= Juniper Shuey =

Juniper Shuey (born 1974) is a Seattle-based visual artist, known for his video installations and sculptural performance. He is the co-artistic director of and the head carpenter at the University of Washington Meany Hall.

== Life ==
Juniper Shuey was born in Santa Cruz, California. He was married to Zoe Scofield.

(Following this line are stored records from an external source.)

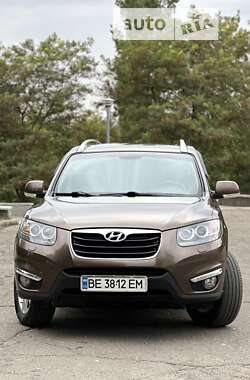 Внедорожник / Кроссовер Hyundai Santa FE 2011 в Южноукраинске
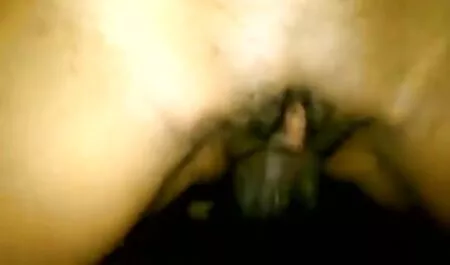 Blonde fickt mutter sohn sex porn auf einer Couch in Netzstrümpfen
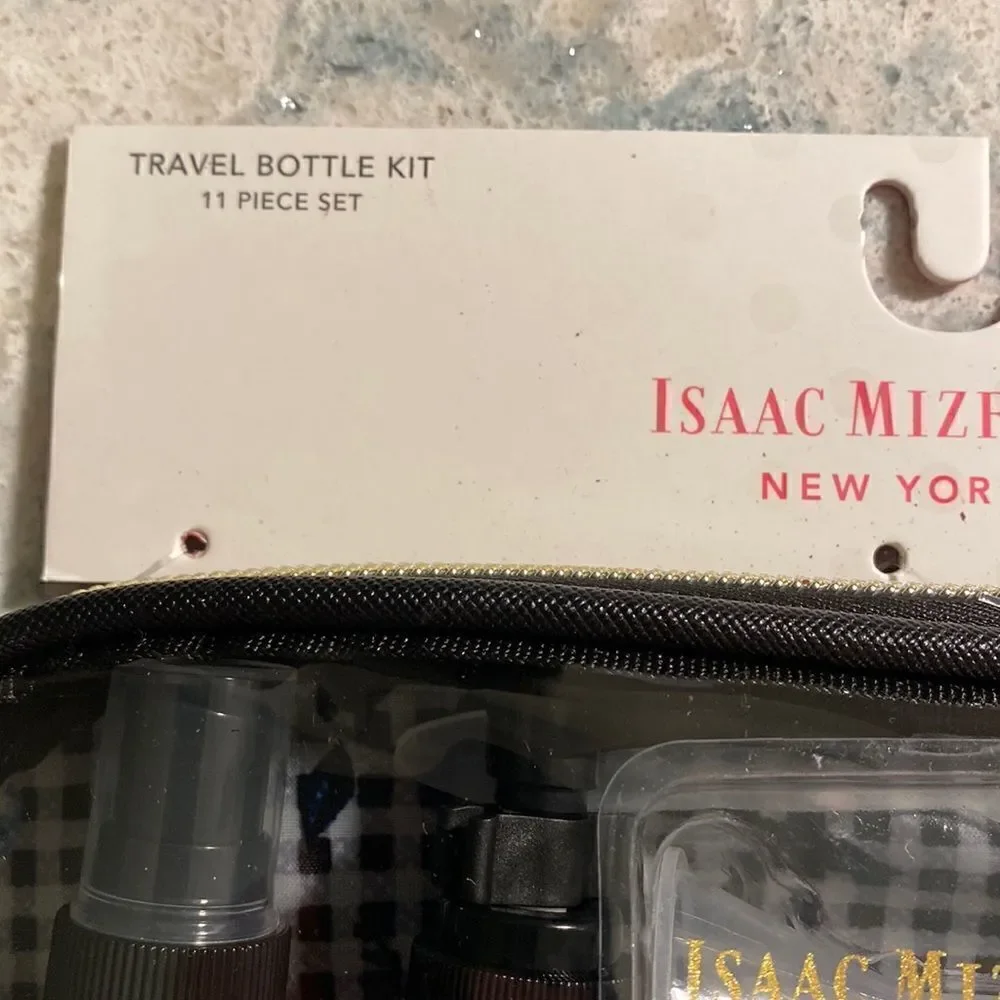 Isaac  Mizrahi  Travel Bottle Kit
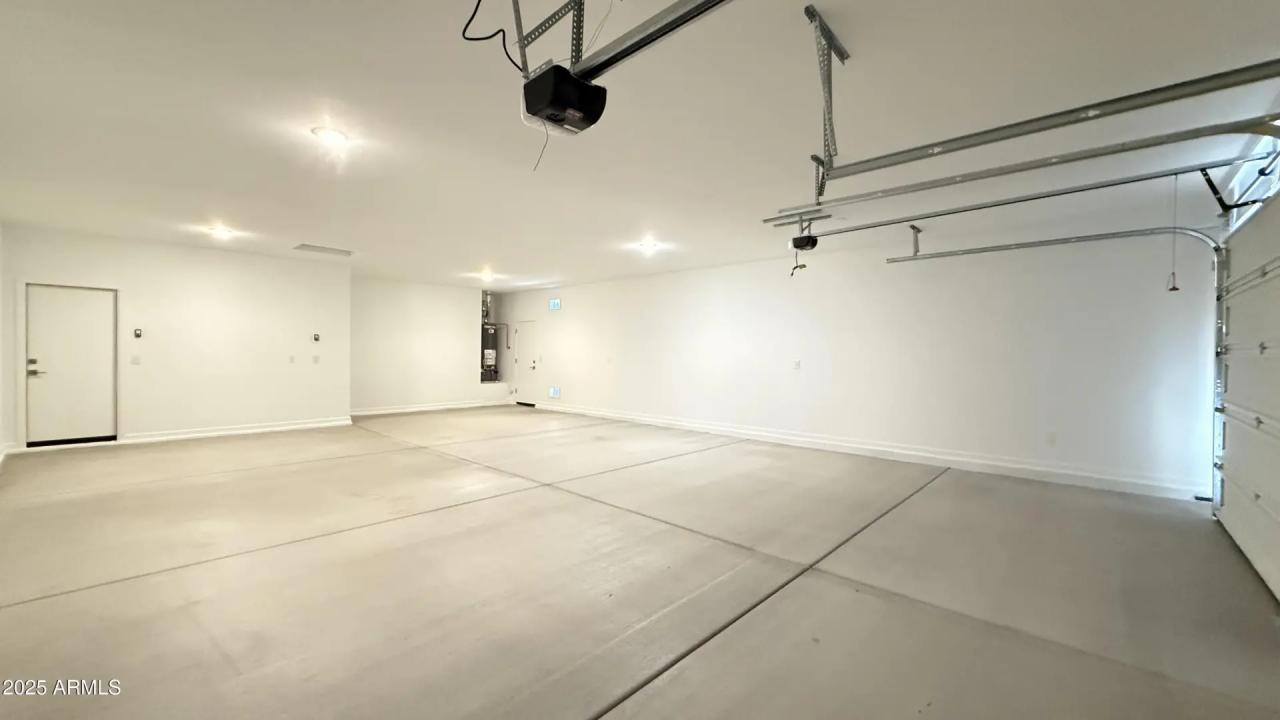 Real Estate Picture 26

== Background and recognition ==

Prior to his involvement in the visual arts, Shuey spent three years at Emerson College in Boston studying theatrical set design. He then transferred to Ceramics at the University of Washington where the faculty allowed him to develop his art in performance and clay. He has since acted as Set and Lighting Designer for various pieces including Burning Circus' Production of "Emma Goldman; Love, Anarchy, and Other Affairs" at the Fringe Festival in Seattle, Washington, a performance that won the festival for a sold out show. Some of his most popular work was showcased at the Howard House (Seattle) in both 2003 and 2005. Juniper's work has also reached galleries in Palazzo Pio, Rome, and various exhibitions at Soil Art Gallery. Along with his unique and signaturely successful stage sets, Juniper has received the following awards:

- Curators Choice Award – Tacoma Art Museum Northwest Biennial (2004)
- People's Choice Award – Bellevue Arts Museum's Northwest Annual (2000)
- Lambdha Rho Art Honorary – University of Washington School of Art (2000)

His work has been published in several art books including SOIL Artist, Lava, and Fashion is ART. His video installations, photographs and performances have been shown both nationally and internationally including Italy, Budapest, NYC, Houston, Seattle, Portland, and Christchurch, New Zealand. Juniper has participated on several professional panels including New England Foundation for the Arts, The MacArthur Foundation and a professional practices panel discussion at the University of Washington.

== Collaborations ==

His work has been presented at On The Boards, Spectrum Dance Theater, Velocity Dance Center, and the 2005 Northwest New Works Festival where he began his collaboration with performance artist Zoe Scofield and musician Morgan Henderson. At the start of their collaborative relationship they presented their works in visual art galleries, museums, and theaters. They have been commissioned and presented by national and international arts centers such as, On the Boards, PICA, Trafo House of Art, Dance Theater Workshop, Bates Dance Festival, NYLA, Spoleto Festival, Jacob's Pillow, Institute of Contemporary Art Boston, Body Festival (New Zealand), Yerba Buena Center, Columbia College Chicago, DiverseWorks, The Frye Art Museum and many more. They have taught workshops and given lectures on dance, photography, collaboration and installation throughout the US and internationally.